Final Position Paper

Prof's instructions: Write a 4-5 page analytic essay (double-spaced) in response to the following statement. The goal is not to dissect the statement's wording but to present your own assessment of the relationship between republican values and American industrialization in the nineteenth century. Be sure to explain and document your thesis by making reference to specific evidence from the assigned materials, including primary as well as secondary sources. For scholarly apparatus, you may use either brief parenthetical notations (such as Licht, Industrializing America, p. 10) or more formal footnotes or endnotes. You are encouraged to use direct quotations but to keep them short. Acknowledge, where appropriate, evidence that tends to undermine your interpretation, and explain why you nonetheless stand by your position. Write clearly and concisely. End with a succinct concluding paragraph. The paper is due by 4:30 p.m. on Tuesday, May 16. You may submit hardcopy at my office (King 141) or e-mail me an attached file in Microsoft Word 97 or 98. Under college rules, I cannot accept a late paper unless you get an official incomplete for the course.

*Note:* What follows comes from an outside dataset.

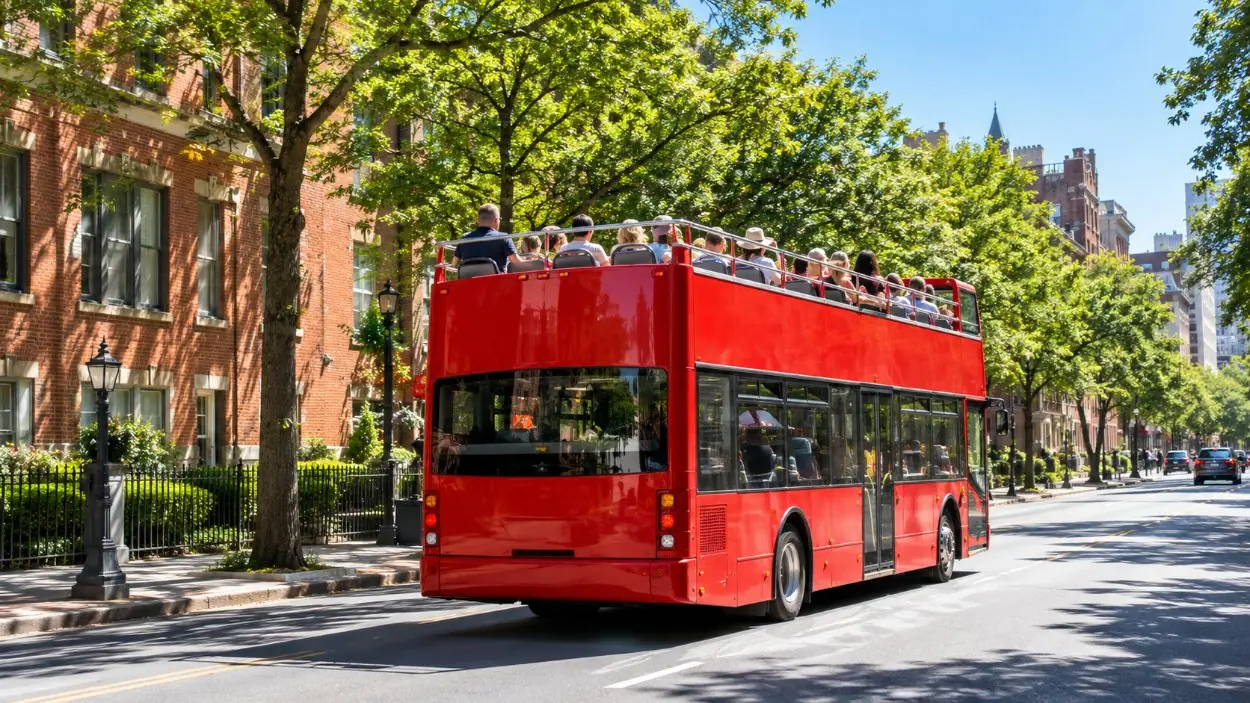 A red open-top double-decker sightseeing bus on a sunny city street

Statement: "Thomas Jefferson proved prophetic. By the late nineteenth century, it was clear to most Americans that industrialization endangered the basic republican values of liberty, virtue, independence, and equality. In the preamble of their constitution, the Knights of Labor denounced, '[t]he recent alarming development and aggression of aggregated wealth, which, unless checked, will invariably lead to the pauperization and hopeless degradation of the toiling masses.' In Looking Backward, Edward Bellamy compared the social order of his era 'to a prodigious coach which the masses of humanity were harnessed to and dragged toilsomely along a very hilly and sandy road.' Likewise, Andrew Carnegie observed, 'The contrast between the palace of the millionaire and the cottage of the laborer with us to-day measures the change that has come with civilization.' But for all their concern about the growing stratification of society, few people wished to forsake the material benefits of industrialization for a return to agrarian society. Instead, late nineteenth-century Americans debated how best to adapt republican values to fit new industrial realities. The result was a distinctively American form of social conflict, a battle of ideas more than class struggle in the European sense. In this ideological contest Carnegie's 'Gospel of Wealth' triumphed over the Knights' cooperative vision and Bellamy's utopian ideal because Carnegie had a more realistic conception of human nature and how to promote the public good."